• _ACTIVITY_
This calls for a word-for-word copy of all the data, with each picture removed.

• _SUPPLIED DATA_
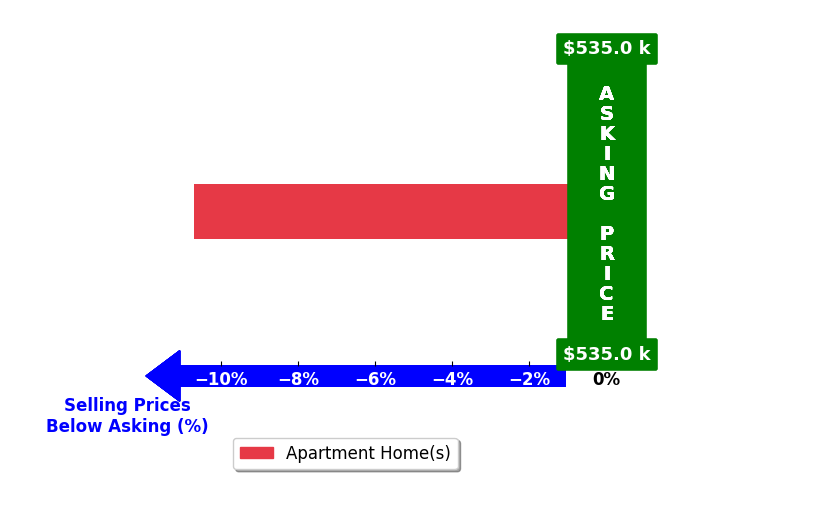 Bar chart comparing asking price vs selling price for Ben Sexton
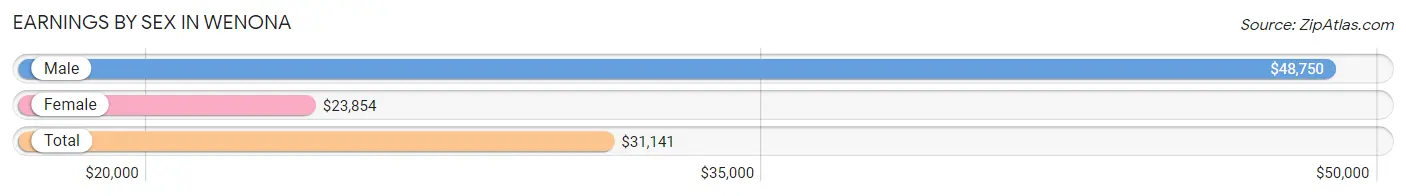 Earnings by Sex in Wenona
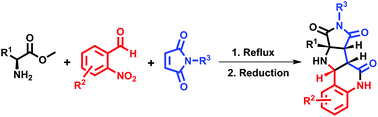 Graphical abstract: Rapid synthesis of hexahydropyrrolo[3,4-b]pyrrole-fused quinolines via a consecutive [3 + 2] cycloaddition and reduction/intramolecular lactamization cascade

• _TASK RESPONSE_
 Bar chart comparing asking price vs selling price for Ben Sexton
 Earnings by Sex in Wenona
 Graphical abstract: Rapid synthesis of hexahydropyrrolo[3,4-b]pyrrole-fused quinolines via a consecutive [3 + 2] cycloaddition and reduction/intramolecular lactamization cascade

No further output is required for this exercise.